Heat the milk to 110° in a microwave or on top of the stove and stir in the yeast and sugar.
Combine the eggs and the milk mixture in the bowl of an electric food mixer equipped with a dough hook. Stir briefly to combine, then with the mixer set on slow, gradually add 3¼ cups of the flour. Increase the speed to medium and process for 10 minutes. The dough should cling to the dough hook and be fairly elastic. If the dough is soft and sticky, add the remaining ¼ cup flour. Reduce the speed to medium slow and continue to process for 5 more minutes, or until the dough is smooth, very elastic, and clinging to the dough hook.
Flour your hands well, then gather the dough into a ball. Place the dough in a heavy mixing bowl (a thick porcelain bowl is best) that has been lightly sprayed with vegetable spray. Very lightly spray the top of the dough, then put the dough in a warm, draft-free place. (We use the top of our stove, with the oven set at 300°. Or, if you have a gas oven with a pilot light, and you're not using the oven for anything else, put the dough in the unlighted oven, for the pilot light alone generates just enough warmth to encourage rising, and with the door closed, the oven is completely draft-free.) Cover the bowl with a kitchen towel and let the dough rise until doubled in volume, about 1 hour.
When the dough has risen, push the top of the dough down very gently—it will collapse easily. Turn the dough onto a floured surface. With your hands, rolling pin, and working surface well floured, separate the dough into 12 to 16 balls each about the size of a golf ball (the amount of dough produced by the recipe will vary depending upon the hardness of the wheat in the flour and the size of the eggs, among other factors) and roll them out to circles about 5 to 6 inches in diameter. Place the rounds on a sheet pan or cookie pan, layers separated by foil, plastic wrap or waxed paper, and refrigerate them (to stop the rising) until ready to use.
EGG WASH: Combine the beaten egg with the milk.
FILLING: Roast the onions and bell peppers to give them a wonderful, unique flavor.

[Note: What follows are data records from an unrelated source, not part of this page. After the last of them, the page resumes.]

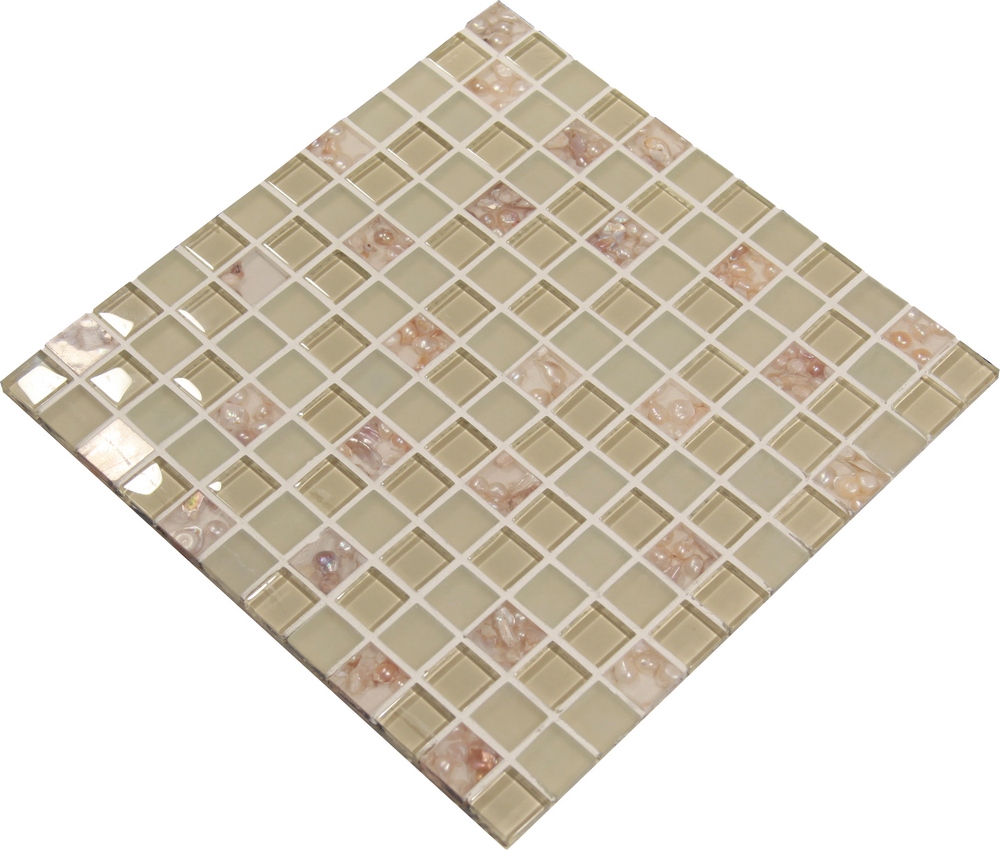 Мозаика KDS-04 серия Flowers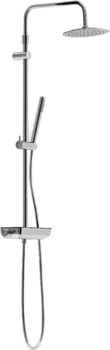 Душевая стойка Damixa Scandinavian Pure 936750000 хром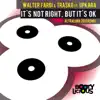 It's Not Right But It's OK (feat. Upkara) - Single album lyrics, reviews, download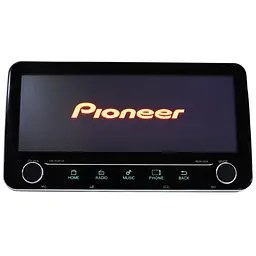 Автомагнітола 10.25 Android 1+16G XPRO 10.25inch (43843-1280A_4604) - мініатюра 7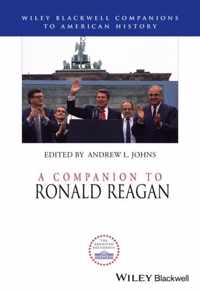 A Companion to Ronald Reagan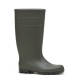 Paire de bottes Rivage vertes 46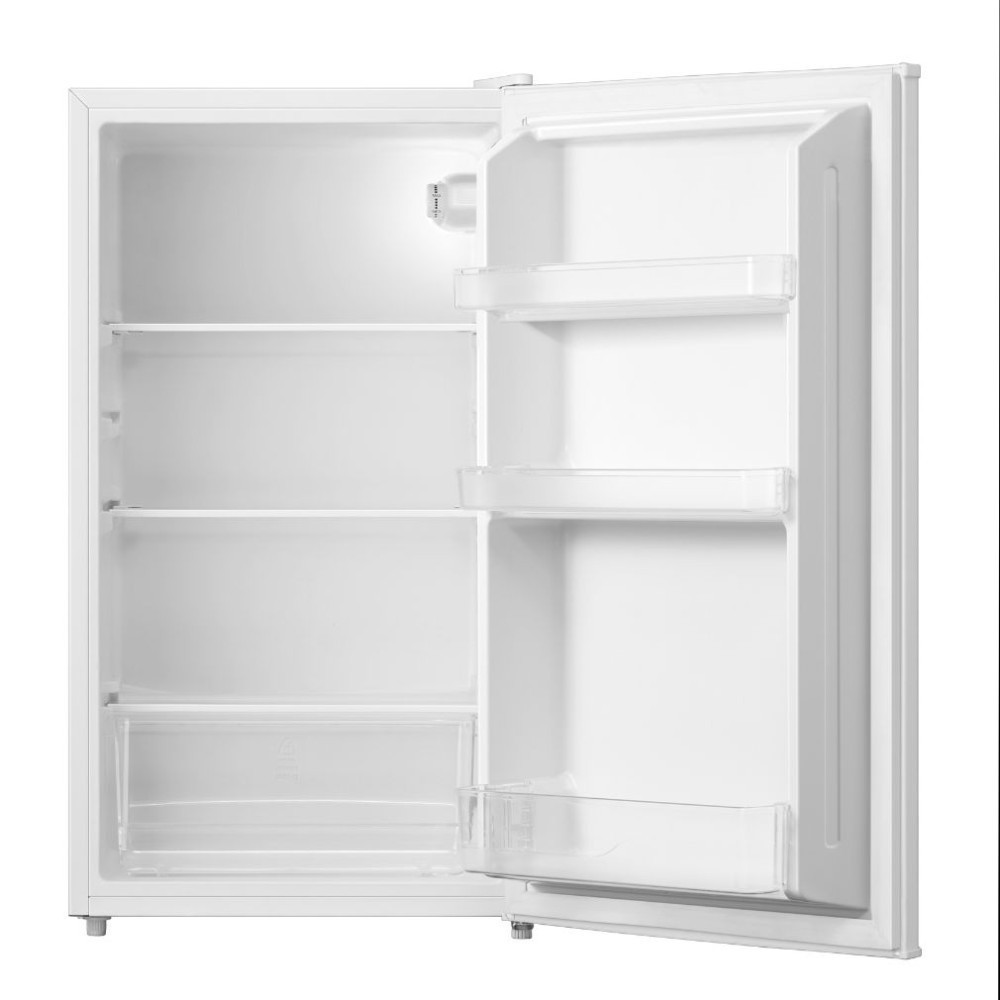 Homefort Frigider cu o singură ușă HOMEFORT HHSE93W Mobalis Homvera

The technique isn't difficult and is very impressive if your company is watching you cook (practice first!). If you have a gas range, simply place the vegetables right on the burner, in the flame, and roast, turning with tongs, until the outer skin is charred all around. If your stove is electric, you can roast in a preheated 500° oven. Plunge the roasted vegetables into ice water to stop the cooking, then rub off the black, charred skin under running water. It should slip right off, but if there are stubborn spots, just remove them with a sharp knife.
Combine the roasted onions and bell peppers in a bowl.
ASSEMBLY: Brush one side of each dough round with the egg wash. Divide the onions, bell peppers and ham among half of the dough rounds with the egg-washed side up, and top with the remaining dough rounds, egg-washed side down. Seal the edges all the way around, coat the outer surfaces with the melted butter, and fry, turning frequently, on a griddle or in a skillet over medium heat (about 250°) until golden brown. Keep the first bread pockets warm while you fry the others, so you can serve everyone at the same time.